Extracted data entries

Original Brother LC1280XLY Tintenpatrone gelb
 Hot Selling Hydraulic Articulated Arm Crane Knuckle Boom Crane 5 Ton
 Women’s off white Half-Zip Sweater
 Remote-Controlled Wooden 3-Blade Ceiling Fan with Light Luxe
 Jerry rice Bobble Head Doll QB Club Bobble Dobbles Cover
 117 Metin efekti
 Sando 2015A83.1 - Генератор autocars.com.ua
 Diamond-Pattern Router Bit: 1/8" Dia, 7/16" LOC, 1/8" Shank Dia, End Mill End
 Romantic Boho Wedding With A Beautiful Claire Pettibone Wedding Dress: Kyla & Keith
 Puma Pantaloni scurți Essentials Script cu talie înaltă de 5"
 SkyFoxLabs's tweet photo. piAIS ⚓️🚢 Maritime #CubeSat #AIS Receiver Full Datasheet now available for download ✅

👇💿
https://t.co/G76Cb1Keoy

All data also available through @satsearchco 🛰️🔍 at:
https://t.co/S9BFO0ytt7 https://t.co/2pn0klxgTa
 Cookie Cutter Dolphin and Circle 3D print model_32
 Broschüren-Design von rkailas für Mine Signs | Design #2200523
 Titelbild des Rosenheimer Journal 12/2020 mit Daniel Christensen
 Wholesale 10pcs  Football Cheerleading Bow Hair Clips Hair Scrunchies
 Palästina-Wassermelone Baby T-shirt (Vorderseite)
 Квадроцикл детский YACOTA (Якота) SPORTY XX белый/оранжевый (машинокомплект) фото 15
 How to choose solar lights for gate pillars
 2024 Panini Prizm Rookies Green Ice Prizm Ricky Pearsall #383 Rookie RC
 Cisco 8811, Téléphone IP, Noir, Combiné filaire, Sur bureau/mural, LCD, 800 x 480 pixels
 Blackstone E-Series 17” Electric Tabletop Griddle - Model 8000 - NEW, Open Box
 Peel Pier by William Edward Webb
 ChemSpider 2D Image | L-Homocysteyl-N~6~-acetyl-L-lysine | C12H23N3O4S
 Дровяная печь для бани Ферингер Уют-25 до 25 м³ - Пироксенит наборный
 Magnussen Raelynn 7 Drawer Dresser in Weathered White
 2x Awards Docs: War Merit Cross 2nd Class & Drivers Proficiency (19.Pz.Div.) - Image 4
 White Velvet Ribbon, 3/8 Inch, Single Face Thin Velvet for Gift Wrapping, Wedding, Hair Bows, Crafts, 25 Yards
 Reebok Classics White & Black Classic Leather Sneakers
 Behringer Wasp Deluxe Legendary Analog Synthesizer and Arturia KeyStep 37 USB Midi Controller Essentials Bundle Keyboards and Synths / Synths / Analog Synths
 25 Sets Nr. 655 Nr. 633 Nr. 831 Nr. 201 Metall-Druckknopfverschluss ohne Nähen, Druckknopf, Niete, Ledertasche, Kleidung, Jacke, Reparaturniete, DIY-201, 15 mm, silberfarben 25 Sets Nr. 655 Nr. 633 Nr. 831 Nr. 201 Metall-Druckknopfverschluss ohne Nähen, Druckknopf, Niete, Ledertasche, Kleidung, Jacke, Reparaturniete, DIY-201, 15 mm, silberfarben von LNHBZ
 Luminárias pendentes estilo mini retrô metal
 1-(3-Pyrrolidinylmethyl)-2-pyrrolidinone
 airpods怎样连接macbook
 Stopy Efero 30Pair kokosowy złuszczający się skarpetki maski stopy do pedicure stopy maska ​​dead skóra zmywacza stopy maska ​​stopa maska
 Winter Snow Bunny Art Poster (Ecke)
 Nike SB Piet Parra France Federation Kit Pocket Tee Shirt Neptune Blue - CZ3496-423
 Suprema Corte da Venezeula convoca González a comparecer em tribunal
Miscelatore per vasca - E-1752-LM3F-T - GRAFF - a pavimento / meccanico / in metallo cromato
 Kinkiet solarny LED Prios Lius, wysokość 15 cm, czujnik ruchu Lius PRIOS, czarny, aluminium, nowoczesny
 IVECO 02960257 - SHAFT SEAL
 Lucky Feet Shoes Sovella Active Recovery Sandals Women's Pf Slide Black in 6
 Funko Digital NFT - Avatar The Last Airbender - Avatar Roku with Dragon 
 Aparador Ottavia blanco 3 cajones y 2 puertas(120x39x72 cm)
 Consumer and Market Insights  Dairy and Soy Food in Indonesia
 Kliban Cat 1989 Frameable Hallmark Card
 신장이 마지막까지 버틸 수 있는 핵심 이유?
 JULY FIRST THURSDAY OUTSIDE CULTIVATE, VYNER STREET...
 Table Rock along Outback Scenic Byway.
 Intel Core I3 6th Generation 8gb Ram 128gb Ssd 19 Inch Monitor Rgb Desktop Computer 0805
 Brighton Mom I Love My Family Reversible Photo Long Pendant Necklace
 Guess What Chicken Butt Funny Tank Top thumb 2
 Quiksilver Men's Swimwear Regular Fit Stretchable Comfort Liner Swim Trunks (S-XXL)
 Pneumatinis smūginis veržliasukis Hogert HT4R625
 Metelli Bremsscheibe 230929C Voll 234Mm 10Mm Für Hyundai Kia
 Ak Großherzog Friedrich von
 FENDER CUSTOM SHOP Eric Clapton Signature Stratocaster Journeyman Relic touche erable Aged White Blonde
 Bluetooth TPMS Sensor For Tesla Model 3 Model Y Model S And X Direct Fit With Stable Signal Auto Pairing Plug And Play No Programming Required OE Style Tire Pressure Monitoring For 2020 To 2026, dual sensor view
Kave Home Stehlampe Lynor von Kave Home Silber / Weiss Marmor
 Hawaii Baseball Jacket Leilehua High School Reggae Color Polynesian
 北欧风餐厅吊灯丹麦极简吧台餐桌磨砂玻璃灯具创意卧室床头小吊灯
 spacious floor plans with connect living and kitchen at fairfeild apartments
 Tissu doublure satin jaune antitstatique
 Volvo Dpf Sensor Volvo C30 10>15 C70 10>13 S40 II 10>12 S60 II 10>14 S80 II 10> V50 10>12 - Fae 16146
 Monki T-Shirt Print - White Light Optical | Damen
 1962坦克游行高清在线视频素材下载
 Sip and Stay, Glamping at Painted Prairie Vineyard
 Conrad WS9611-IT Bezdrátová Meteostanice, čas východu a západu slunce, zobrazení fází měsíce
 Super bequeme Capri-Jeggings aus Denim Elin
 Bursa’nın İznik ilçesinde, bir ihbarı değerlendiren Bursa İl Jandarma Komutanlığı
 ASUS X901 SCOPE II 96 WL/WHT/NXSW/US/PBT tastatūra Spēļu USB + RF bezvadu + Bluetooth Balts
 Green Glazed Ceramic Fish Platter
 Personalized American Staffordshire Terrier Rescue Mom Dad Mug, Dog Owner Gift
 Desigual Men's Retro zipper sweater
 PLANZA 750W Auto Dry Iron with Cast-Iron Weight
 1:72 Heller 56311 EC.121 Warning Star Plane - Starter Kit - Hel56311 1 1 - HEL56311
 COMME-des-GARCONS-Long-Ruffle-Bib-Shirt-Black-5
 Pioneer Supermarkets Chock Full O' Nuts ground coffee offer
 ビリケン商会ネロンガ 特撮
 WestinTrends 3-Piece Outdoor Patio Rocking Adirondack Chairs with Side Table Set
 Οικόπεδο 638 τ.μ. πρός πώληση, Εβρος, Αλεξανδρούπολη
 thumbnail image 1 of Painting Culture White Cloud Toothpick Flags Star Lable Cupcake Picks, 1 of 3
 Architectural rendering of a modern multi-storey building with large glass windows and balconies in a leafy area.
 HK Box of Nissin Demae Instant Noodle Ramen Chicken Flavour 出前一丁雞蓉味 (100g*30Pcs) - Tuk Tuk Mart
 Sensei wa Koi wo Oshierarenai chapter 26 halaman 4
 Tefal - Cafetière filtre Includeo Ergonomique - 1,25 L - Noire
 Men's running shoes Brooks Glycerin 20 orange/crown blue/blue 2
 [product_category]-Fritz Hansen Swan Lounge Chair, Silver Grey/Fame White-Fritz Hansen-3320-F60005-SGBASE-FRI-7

**EXERCISE PROMPT**. Once the line with "Sip and Stay, Glamping" is found in the records above, print exactly that line and every line after it through the line with "Bursa’nın İznik ilçesinde, bir".

**TASK RESULT**.
 Sip and Stay, Glamping at Painted Prairie Vineyard
 Conrad WS9611-IT Bezdrátová Meteostanice, čas východu a západu slunce, zobrazení fází měsíce
 Super bequeme Capri-Jeggings aus Denim Elin
 Bursa’nın İznik ilçesinde, bir ihbarı değerlendiren Bursa İl Jandarma Komutanlığı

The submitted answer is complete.